Amazon Web Services (aka AWS) is a cloud-based service that companies all over the world use to build private networks for their businesses. Large business services that we use daily such as Netflix, LinkedIn, Facebook, Twitch, and many more use the AWS cloud service. This leads us to a few weeks ago when many of these services, including Amazon, were suddenly in the dark.
- While dozens of AWS services were affected, AWS says the outage occurred in its Northern Virginia, US-East-1, region. It happened after a “small addition of capacity” to its front-end fleet of Kinesis servers.
Kinesis is used by developers, as well as other AWS services like CloudWatch and Cognito authentication, to capture data, video streams, and run them through AWS machine-learning platforms.
The Kinesis service’s front-end handles authentication, throttling, and distributes workloads to its back end “workhorse” cluster via a database mechanism called sharding.
As AWS notes in a lengthy summary of the outage, the addition of capacity triggered the outage but was not the root cause of it. AWS was adding capacity for an hour after 2:44am PST, and after that, all the servers in the Kinesis front-end fleet began to exceed the maximum number of threads allowed by its current operating system configuration.
- Tung, L. (2020, November 30). Amazon: Here is what caused the major AWS outage last week. ZDNet. Retrieved December 29, 2021, from https://www.zdnet.com/article/amazon-heres-what-caused-major-aws-outage-last-week-apologies/
While the outage was not a crippling ransomware attack, it still left many large services in the dark while AWS scrambled to fix the issue. What is interesting to note is that this is not the first time AWS has suffered an outage like this.

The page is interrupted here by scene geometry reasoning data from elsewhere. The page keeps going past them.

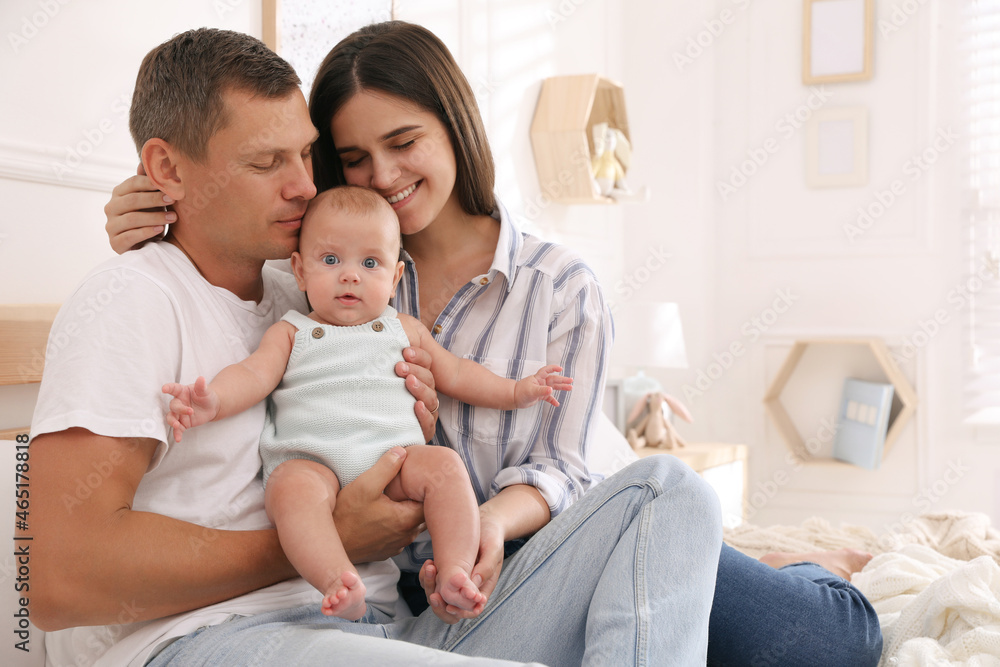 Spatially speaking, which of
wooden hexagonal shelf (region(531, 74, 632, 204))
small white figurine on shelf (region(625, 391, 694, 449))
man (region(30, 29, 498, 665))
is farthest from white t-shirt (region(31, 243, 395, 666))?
small white figurine on shelf (region(625, 391, 694, 449))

Another AWS outage took place in 2017, that left a substantial portion of the internet in the dark for a period. This outage happened very similarly in the same area of the county as this year’s outage.
- Unless you were completely off the grid on February 28th, 2017, you likely noticed Amazon S3 suffered a big outage that affected pretty much all AWS services. This happened in its biggest region, N. Virginia, and it impacted a substantial portion of the internet.

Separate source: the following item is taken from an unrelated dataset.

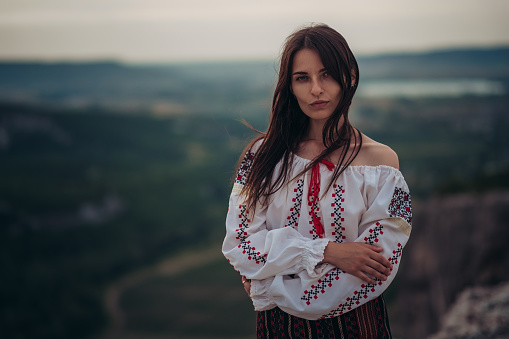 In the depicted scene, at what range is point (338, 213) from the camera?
7.70 feet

- Takeaways from the S3 outage on February 28th, 2017. (n.d.). Concurrency Labs. Retrieved December 29, 2021, from https://www.concurrencylabs.com/blog/s3-outage-takeaways/#:%7E:text=Unless%20you%20were%20completely%20off%20the%20grid%20on,it%20impacted%20a%20big%20portion%20of%20the%20internet.

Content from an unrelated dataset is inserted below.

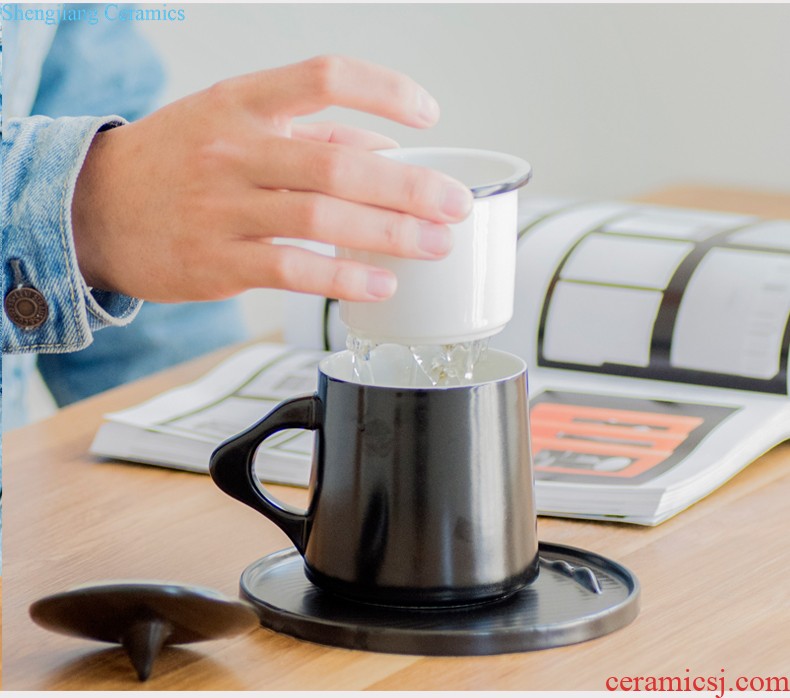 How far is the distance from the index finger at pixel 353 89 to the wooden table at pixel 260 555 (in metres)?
0.24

We see it also happened against in November 2020, another AWS outage left businesses again, unable to access their networks.
Early in the morning on November 25th, 2020 – the day before Thanksgiving – reports started circulating, claiming various issues with popular consumer applications and sites. It started off as intermittent availability problems. Before long, it escalated to full-blown unavailability. We turned to Amazon CloudWatch, a monitoring and management service that provides data and actionable insights for applications and resources. But CloudWatch was not loading. And then the realization hit. This was not an issue we could resolve.
- DiStasio, A. (2021, January 7). How to Protect Your Application Against an AWS Outage. Gavant Software. Retrieved December 30, 2021, from https://www.gavant.com/library/how-to-protect-your-application-against-an-aws-outage/
So much of our systems are dependent on cloud-based systems whether it be AWS or another one like it, we cannot avoid them because we need them to do business ourselves.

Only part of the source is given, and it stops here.